Tricks become increasingly impressive as each day passes, and the imaginative portrayal of different foods through various circus props kept me excited to discover what will come next. Inside the Spiegeltent, with chairs arranged in a semi-circle on the flat performance floor, some of the smaller children need to move away from their seats to find a better viewing position, but attention is held. At the end, when stickers are offered for sale on the way out – by the circusy butterfly herself – several small fans decide to take their own place in the performing area, dancing and rolling on the floor to re-create their own games inspired by the show.
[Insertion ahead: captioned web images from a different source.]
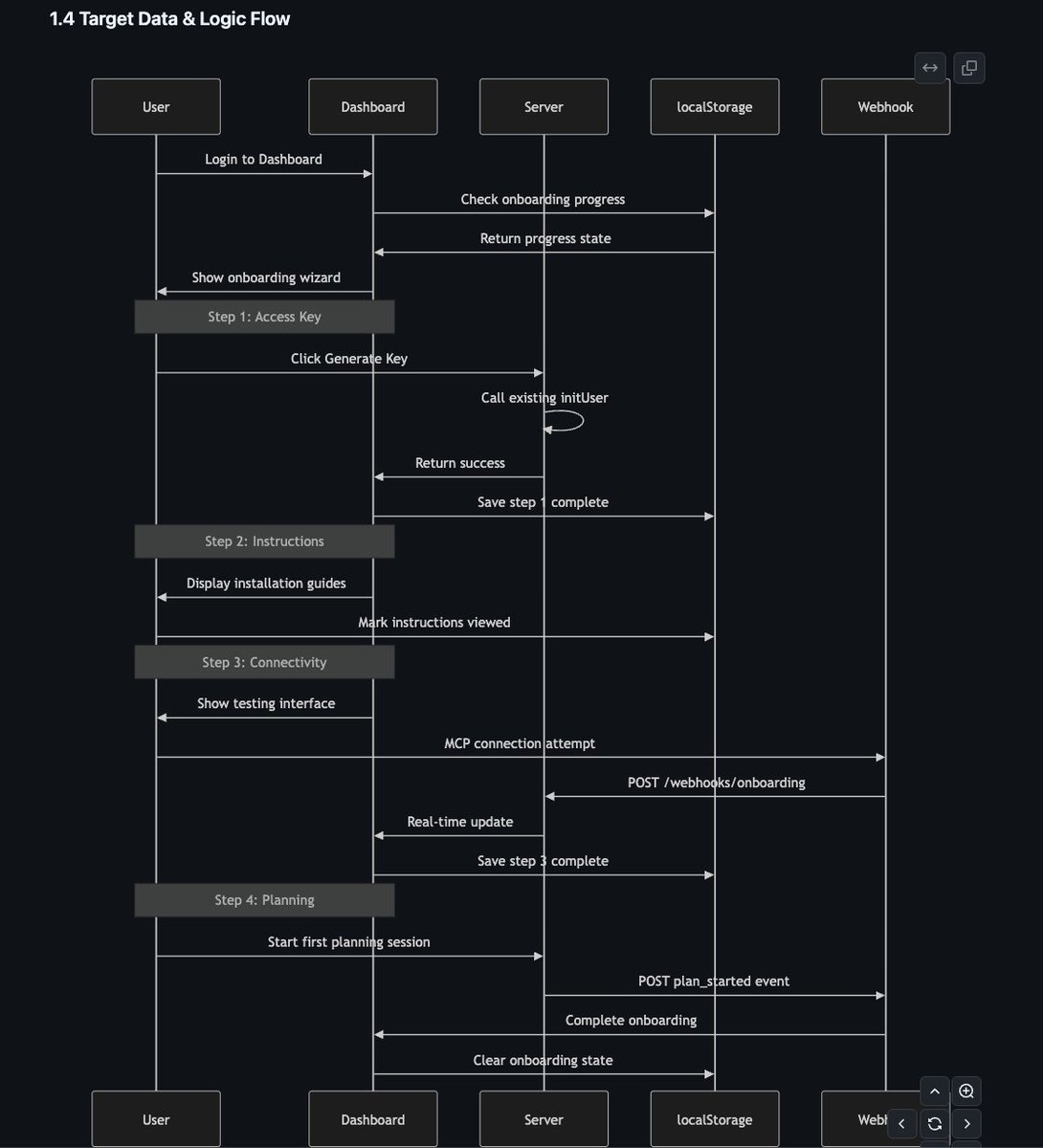 How do I know that my plan is gonna be executed without issues every single time? 

This is the type of Context I give the AI every time I need to build something. 

This gets broken down in very clear single tasks. 

I know always: 

- which file I have to create/edit
- which
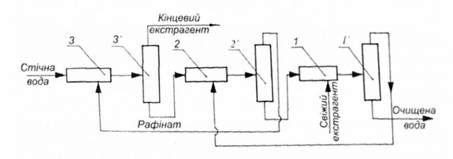 схема багатоступеневої екстракційної установки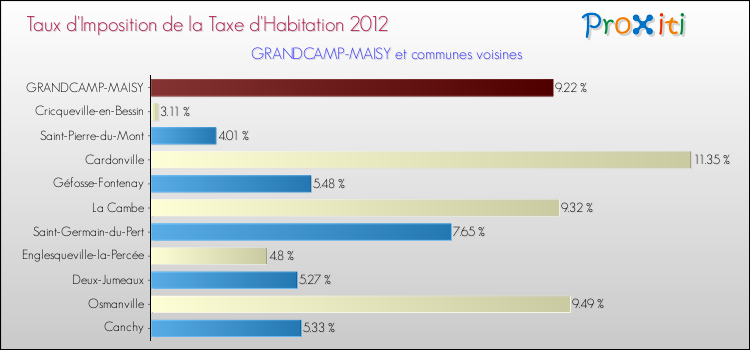 Taux d'imposition de la taxe d'habitation 2012 pour GRANDCAMP-MAISY et les communes proches Comparaison des taux d'imposition de la taxe d'habitation 2012 pour GRANDCAMP-MAISY et les communes voisines
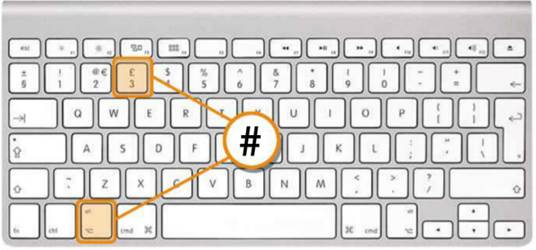 UK Mac keyboards have a pound sign instead of a hash key, but Alt and 3 will type a hash symbol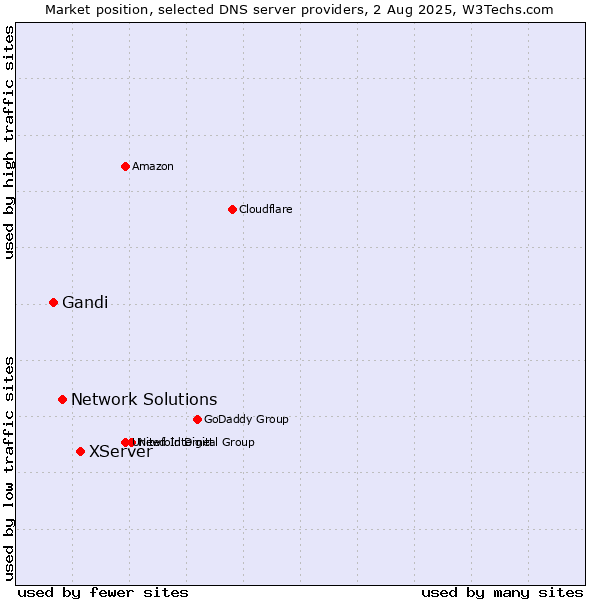 Market position of XServer vs. Network Solutions vs. Gandi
Within the last fortnight the show’s name has been changed, following a request from the estate behind Eric Carle’s classic book, The Very Hungry Caterpillar. This is a great shame for audiences who might appreciate the link to a childhood favourite (on which bookings might be based) and seems churlish to boot considering the quality of the production. This circusy alternative has clearly been made with great love and respect, as well as a skill for understanding the pace, colour and development required by young audiences. Whilst the gentle characterisation and clear movements are well suited for pre-schoolers, the recorded narration also offers a way in for older brothers and sisters, and the show is advertised for children up to 8 years old (although there are moments too that make me laugh aloud, with humour or delight, at 37).
A small detail that may pass many by, but makes me smile widely, is the refusal to acknowledge traditional gender stereotypes in the circus role models the caterpillar tries to emulate. Girls can juggle, boys can hula hoop and that’s the way the world is. From a small start, you can become something amazing. And have a great deal of fun on the way.